Will ranger enforce existing Hive policies when these Hive tables are accessed via SparkSQL? If not, what is the recommended approach.
Created 12-08-2015 05:48 AM
TL:DR: SparkSQL today provides table level access control and doesn't provide Hive level (column) level access control.
Spark reads from both Hive Meta store and ORC (or PARQUET) files directly in HDF.
For ORC files, security at HDFS still applies so READ/WRITE is controlled by HDFS ACL or Ranger.
Right now Spark doesn't propagate end user identity to Hive meta store and we are working in the community to enhance this.
Created 12-08-2015 05:48 AM
TL:DR: SparkSQL today provides table level access control and doesn't provide Hive level (column) level access control.
Spark reads from both Hive Meta store and ORC (or PARQUET) files directly in HDF.
For ORC files, security at HDFS still applies so READ/WRITE is controlled by HDFS ACL or Ranger.
Right now Spark doesn't propagate end user identity to Hive meta store and we are working in the community to enhance this.
Created 12-08-2015 10:58 PM
What steps needs to be performed to get Table level access control via Spark using Ranger.
a) Do we enable the Hive Plugin?
It will be good if there is some notes or docs that shows the steps to enable Table level access control
If using in conjunction with Hue Livy server.
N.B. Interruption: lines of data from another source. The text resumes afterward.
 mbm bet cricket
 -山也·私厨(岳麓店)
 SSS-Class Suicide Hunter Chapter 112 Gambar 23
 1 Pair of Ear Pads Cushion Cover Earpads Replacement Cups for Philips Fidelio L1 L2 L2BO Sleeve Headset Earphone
Does anything change?
Created 12-15-2015 12:41 AM
"Right now Spark doesn't propagate end user identity to Hive meta store and we are working in the community to enhance this."
I assume Spark runs Hive queries as hive user. Does this mean that Spark has access to all data stored in Hive even though the Ranger plugin is active?
Created 12-16-2015 05:41 PM
The nuance is how you use SparkSQL. If you use Spark-Shell, the identity of user launching the shell is used for Hive access. If you use SparkThrift Server the identity used to access Hive data is the identity used to launch the SparkThriftServer.
Created 12-17-2015 11:36 AM
@vshukla is there any equivalent of hiveserver2 "doAs" in Spark Thrift Server?
Created 12-17-2015 03:21 PM
STS today doesn't support doAs and there is an open ticket for it.
https://issues.apache.org/jira/browse/SPARK-5159
We plan to work in the community to resolve it.
Created 12-17-2015 03:22 PM
Created 03-01-2016 11:56 AM
Hi ,
Can you please provide steps that needs to be performed to get Table level access control via Spark using Ranger ?
Thanks and Regards
Shyam
Created 06-08-2018 01:00 AM
Does any one implemented ranger in spark sql? Any instructions on this is greatly helpful. I did the setup, but there is no impact of policies when a user is running queries. I am missing something there.